» SUPPLIED ENTRIES:
-- Opening Marker --

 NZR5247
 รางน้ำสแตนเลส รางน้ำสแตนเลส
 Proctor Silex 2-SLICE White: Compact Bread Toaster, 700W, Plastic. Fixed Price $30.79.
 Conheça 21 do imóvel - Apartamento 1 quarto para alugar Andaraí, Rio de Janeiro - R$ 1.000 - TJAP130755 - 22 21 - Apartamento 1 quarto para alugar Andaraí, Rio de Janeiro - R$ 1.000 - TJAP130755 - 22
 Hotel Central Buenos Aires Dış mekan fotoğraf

-- Closing Marker --
-- Opening Marker --

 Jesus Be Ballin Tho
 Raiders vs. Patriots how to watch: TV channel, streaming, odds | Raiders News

-- Closing Marker --
-- Opening Marker --

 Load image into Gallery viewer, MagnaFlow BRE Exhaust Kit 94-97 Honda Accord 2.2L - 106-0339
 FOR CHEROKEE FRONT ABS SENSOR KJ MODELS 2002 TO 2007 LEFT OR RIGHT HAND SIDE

-- Closing Marker --

» AIM OF THE EXERCISE: An exact copy of the lines above, from the one containing "รางน้ำสแตนเลส รางน้ำสแตนเลส" through the one containing "Conheça 21 do", is the whole of the answer.

» RESPONSE BOX:
 รางน้ำสแตนเลส รางน้ำสแตนเลส
 Proctor Silex 2-SLICE White: Compact Bread Toaster, 700W, Plastic. Fixed Price $30.79.
 Conheça 21 do imóvel - Apartamento 1 quarto para alugar Andaraí, Rio de Janeiro - R$ 1.000 - TJAP130755 - 22 21 - Apartamento 1 quarto para alugar Andaraí, Rio de Janeiro - R$ 1.000 - TJAP130755 - 22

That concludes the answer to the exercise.